Companies create jobs, growth and wealth. The government needs to support them in adapting to the ever changing circumstances they are confronted with.
The government should support companies and firms in doing so, for instance by setting up the right political parameters. This includes reviewing competition rules and maintaining a balance between more traditional medium-sized enterprises and start-ups with new business models, which are crucial to the German economy.
Digitisation has penetrated all areas of our lives, integrating people, machinery and processes into networks and creating huge opportunities for the German economy.
The prerequisites for this digital transformation are universal high speed networks and an unbureaucratic and capital-rich environment for innovation. The workforce also faces challenges: Companies must identify the new skills their employees will need and train them accordingly. Moreover, companies, and especially small and medium-sized enterprises, must press ahead with their own digitisation, for example by further developing existing business models and creating new ones, perhaps in cooperation with start-ups.
The German industry is considered the backbone of the country’s economy. For it to remain in this position, the government will need to make Germany more attractive for foreign and domestic investors, encourage innovations and endorse structural change.
The digitisation of the working world and the increasing interconnectedness of people and machines will provide companies and employees with greater flexibility and leeway.
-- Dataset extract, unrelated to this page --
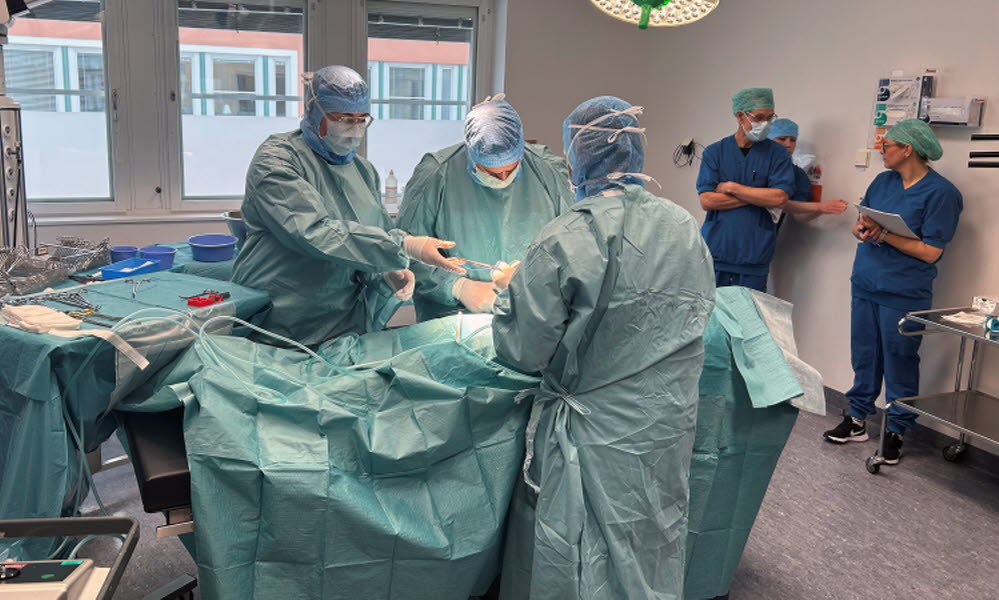 Personal från operation i Bollnäs, samt personal från Västerås sjukhus, transplantationsenheten på Akademiska sjukhuset i Uppsala.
At the same time, employers and employees will need to master new tasks and skills and acquire – for instance – knowledge in information technologies. If seized successfully, the chances offered by the so-called Industry 4.0 will put the German industry in a strong position, both on a European level and internationally.
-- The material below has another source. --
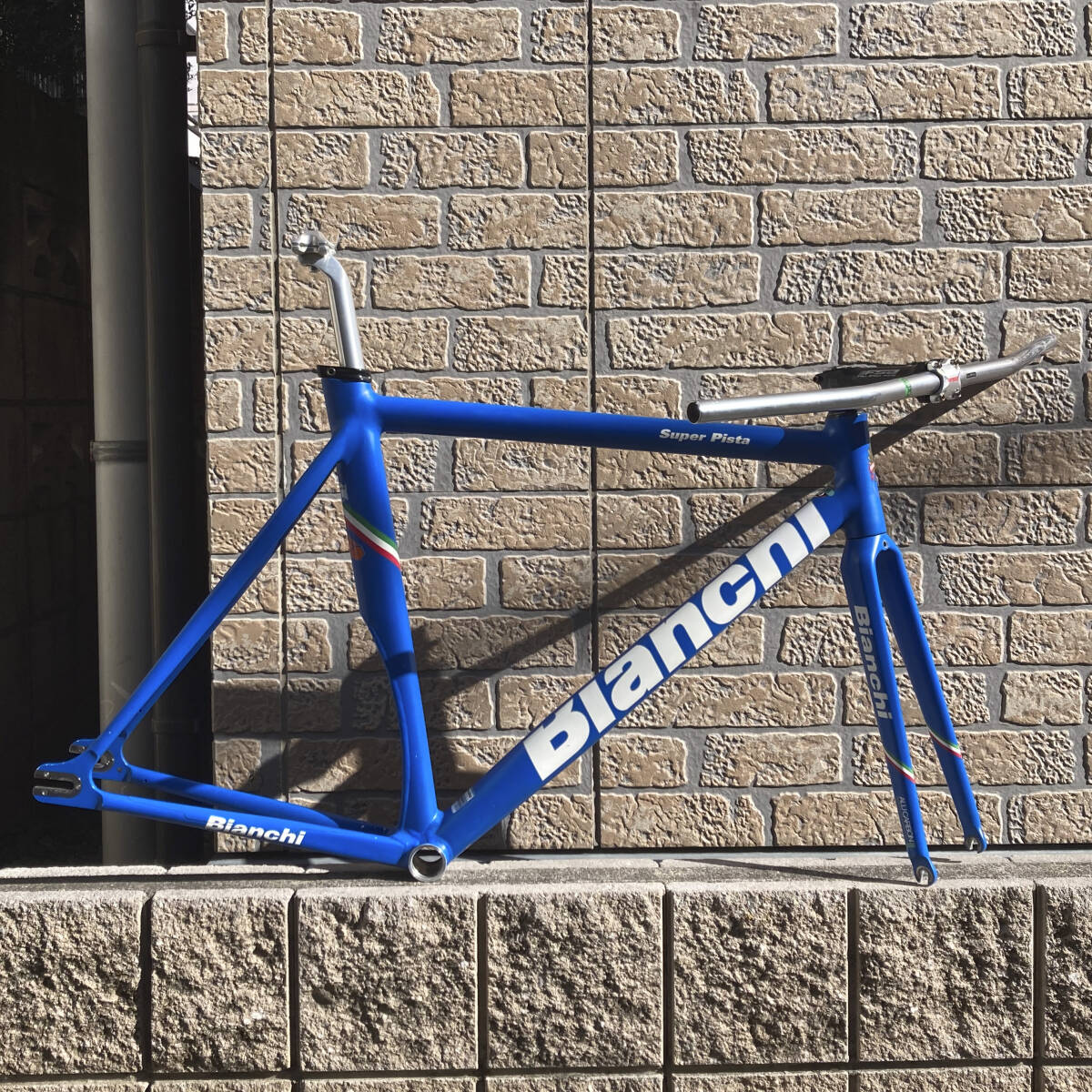 Bibian 比比昂- 【引取希望】bianchi super pista Azzurro Bibian 比比昂- 【引取希望】bianchi super pista Azzurro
International competition changes the economy. However, governments should refrain from trying to push structural change into a specific direction.
Before the global economic and financial crisis, building a large service sector was considered indispensable for reaching economic prosperity. This has changed: History has shown that both countries with a large service sector and countries with an important industrial sector can reach high income levels. Therefore, governments should refrain from steering structural change into a particular direction. Rather, they should allow for flexibility in the labour market, so as to enable the downsizing of sectors that are no longer profitable and to encourage entrepreneurship and growth in growing economic sectors.
Competition is the result of several companies offering the same or similar products or services. When this occurs, those products or services are offered for sale at low prices.
The aim of competition policy is to promote competition and to prevent the abuse of market power. Digitization, in particular, has brought new market structures and thus also placed new demands on competition policy.
R & D accelerates technical progress, drives economic growth and creates jobs. Large conglomerates are the keenest innovators; small and medium-sized enterprises still have some catching up to do.
The state must abandon its conviction that it is a better judge than business of what will be in demand tomorrow. A general tax break for R&D activity would be a better solution. A further obstacle to innovation in Germany is the shortage of young people with the appropriate technical background. In recent years there have been too few graduates in technical subjects. Women, especially, are showing too little enthusiasm for subjects like mechanical and electrical engineering and chemistry.
Every year several thousand pages of laws and decrees are published in the German Law Gazette. These regulations cost not only the public administration but also private business billions of euros.